Job Examples#

Included here are a series of template job submissions, that may prove useful as a starting point for your own submission scripts.

Serial#

A fairly minimal example to run a serial code, using a default allocation of 1Gbyte of RAM, running for up to an hour, executing a binary example.bin in the current directory, and importing the environment from the submitting shell.

#$ -cwd -V
#$ -l h_rt=01:00:00
./example.bin

Serial, but needs more memory#

As above, but asking for additional memory, so 4.8Gbytes of RAM, which is the amount that balances with available cores on machines on ARC4.

#$ -cwd -V
#$ -l h_rt=01:00:00
#$ -l h_vmem=4.8G
./example.bin

Serial, but needs lots more memory#

If we find ourselves needing lots of memory per core (say above 10G) you may be better off targeting the large memory nodes. Here we’re asking for 200G, so we have to use the large memory nodes, as the normal nodes only have 192G available on ARC4.

#$ -cwd -V
#$ -l h_rt=01:00:00
#$ -l node_type=40core-768G
#$ -l h_vmem=200G
./example.bin

Threaded#

Here we’re asking for eight cores. Where we want to use the number of cores we’ve been allocated, we can use $NSLOTS, which ensures we don’t accidentally use a different figure in two places in the job submission file.

#$ -cwd -V
#$ -l h_rt=01:00:00
#$ -pe smp 8
./example.bin -t $NSLOTS

Threaded, but gets upset by OpenMP hints#

The clues given by the scheduler to help with OpenMP codes can confuse some codes, which are technically OpenMP aware, but are being used in ways that don’t sit well with the hints. This removes the hints, allowing the Linux kernel to assign free cores as it sees fit.

#$ -cwd -V
#$ -l h_rt=01:00:00
#$ -pe smp 8
unset GOMP_CPU_AFFINITY KMP_AFFINITY
./example.bin -t $NSLOTS

Threaded, using a whole node#

Sometimes you may just want a whole node. Run this way, you get all the cores, all the memory, all the local disk.
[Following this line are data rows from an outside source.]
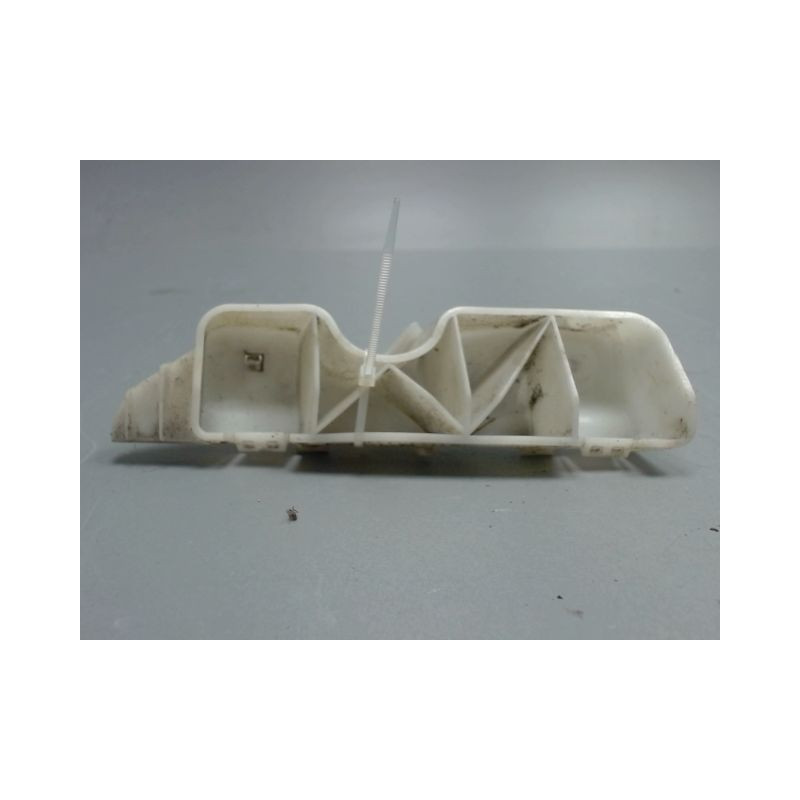 SUPPORT PARE-CHOC AVD NISSAN QASHQAI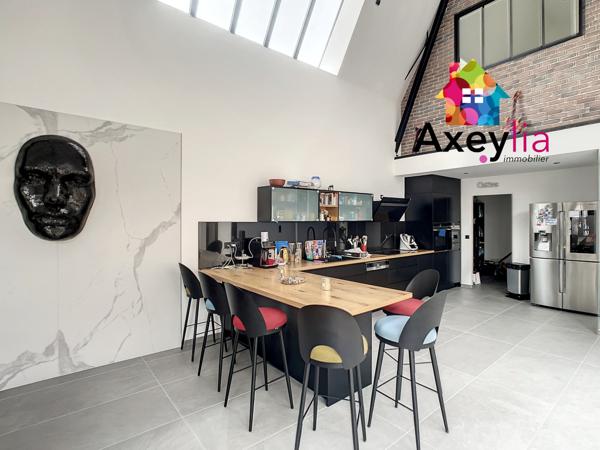 Roanne (42300) A VENDRE - ROANNE CENTRE - LOFT DE 2022 AVEC TERRASSE, GRAND PATIO ET GARAGE
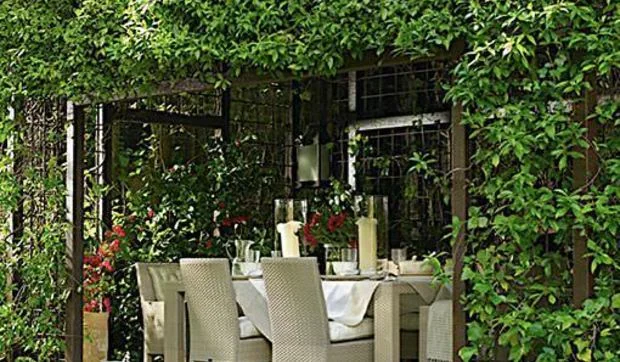 Un cenador de diseño en el jardín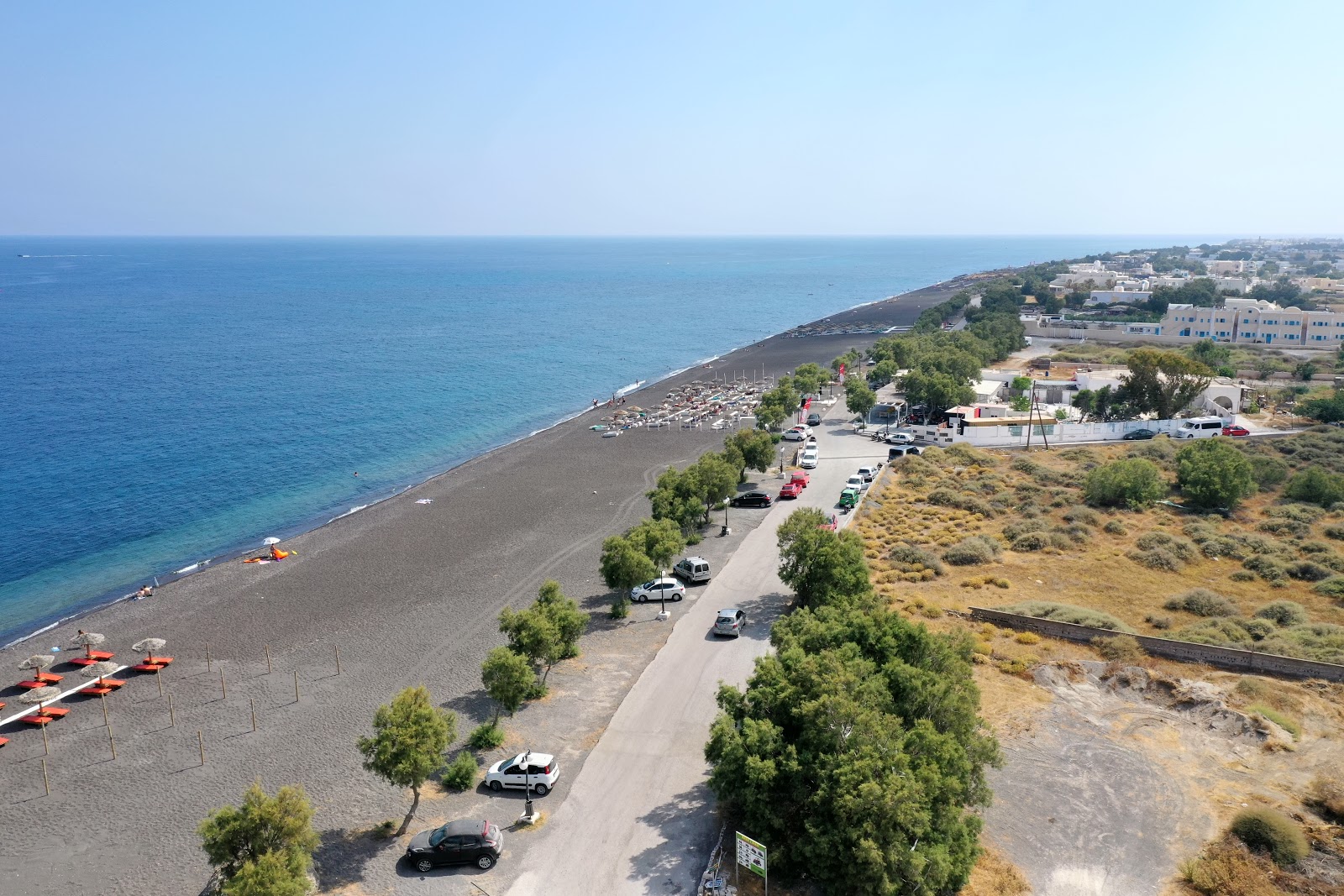 Photo de Plage de Perissa zone des équipements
If code needs to be told how many threads to use, it can be passed $NSLOTS.

#$ -cwd -V
#$ -l h_rt=01:00:00
#$ -l nodes=1
./example.bin -t $NSLOTS

MPI, small, single node#

If you’re wanting to run a small MPI job on a single node, you can run it as an smp job.

#$ -cwd -V
#$ -l h_rt=01:00:00
#$ -pe smp 8
mpirun example.bin

MPI, small, run anywhere#

If you’re wanting to run an MPI job, and you’re not sensitive to having all the processes on a single machine, you can ask for them to be spread anywhere across nodes. There’s no guarantee what the scattering is, so you may have 8 cores on one node, spread across eight nodes, or somewhere in between.

#$ -cwd -V
#$ -l h_rt=01:00:00
#$ -pe ib 8
mpirun example.bin

MPI, using a whole node#

Like with the threaded example, we can assign a whole node. mpirun itself doesn’t need to be told how many cores to run on, as it detects that automatically. This delivers much more consistent compute performance than that previous two options, since you’re the only job running on the nodes you’re using.

#$ -cwd -V
#$ -l h_rt=01:00:00
#$ -l nodes=1
mpirun example.bin

MPI, using more than one node#

Running on more than one node is identical to running on a single node. For more advanced examples, including mixed OpenMP/MPI codes, see the Advanced examples.

#$ -cwd -V
#$ -l h_rt=01:00:00
#$ -l nodes=3
mpirun example.bin

Using a GPU#

Using a GPU uses simplified syntax, and like asking for a whole node, you don’t need to ask for RAM/CPU/disk to go with the GPU. Our page on General Purpose GPU provides more details.

#$ -cwd -V
#$ -l h_rt=01:00:00
#$ -l coproc_v100=1
./example.bin